Users of the Stormpulse API do not need to do anything to take advantage of these enhancements.  They should already be visible to you and your web visitors.

Tropical disturbances now appearing on Stormpulse.com, embeddable map

For the last few months, we’ve been guilty of not eating our own dog food. Yes, we admit it, we’ve been visiting the NHC’s Graphical Outlook. Numerous times per day. But we couldn’t help it. The content was just too useful.

We like the NHC, really. But we got tired of that, and we got tired of lamenting Stormpulse’s lack (it was a hidden, internal lament), so we’ve added all of that developing storms data to Stormpulse. We’ve replaced their mainframe-inspired, ALL-CAPS announcements with legible, albeit imperfect text, and we’ve replaced their kidney bean outlines for perfect circles (although the kidney beans are certainly more meteorologically-correct).
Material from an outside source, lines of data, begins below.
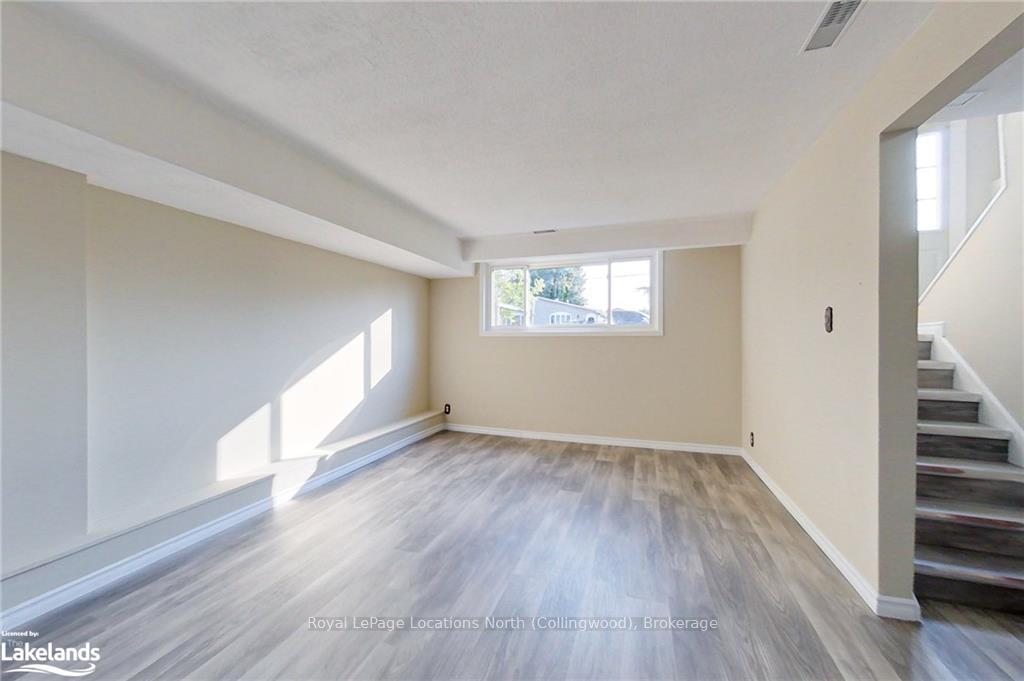 Photo 4 of 646 Oak Street, Collingwood — HOMEH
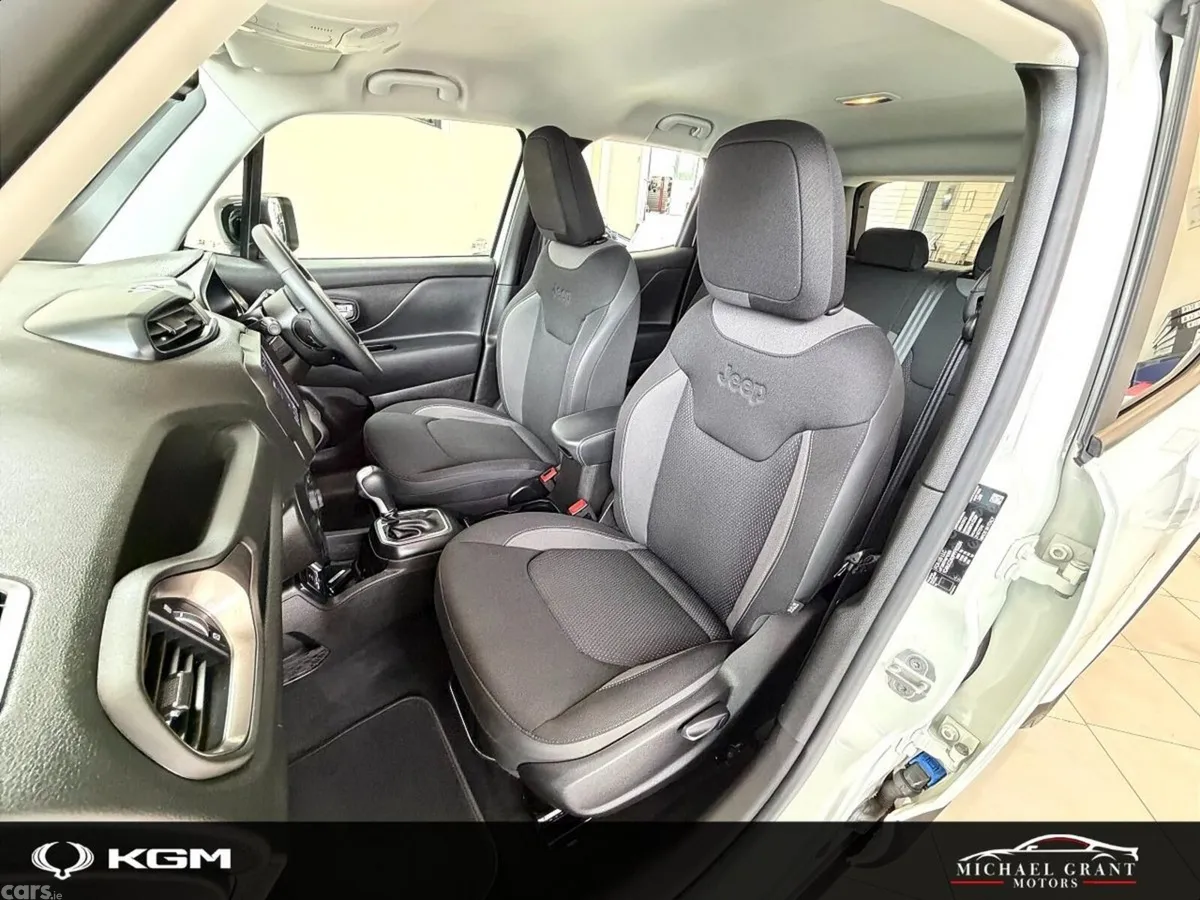 Jeep Renegade SUV, Petrol Hybrid, 2024, White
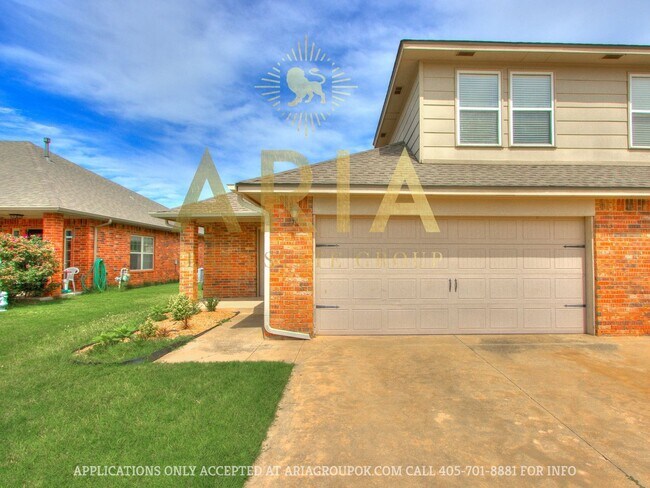Building Photo - Spacious 4 Bed/2 Bath Duplex Home in Musta...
The text for the disturbance appears in a dock of sorts that can be dismissed by clicking the little ‘X’ at the top-right corner.

So now we’re back to eating our own dog food–using our own services to track weather, the same way we hope you do. Of course, we realize you go other places, and that’s O.K., but sometimes a little content annexation is necessary. Especially when it’s free.

Users of the Stormpulse API don’t need to do anything to implement this enhancement; it will show up automatically for any ‘current’ map.

Enjoy, and let us know what you think!

Help text for the interactive map

Some of you may be interested in ‘Help’ text for the interactive map when you have it embedded on your own website. If so, check out our new Help page on this here blog. Feel free to copy and use it for your own site or blog.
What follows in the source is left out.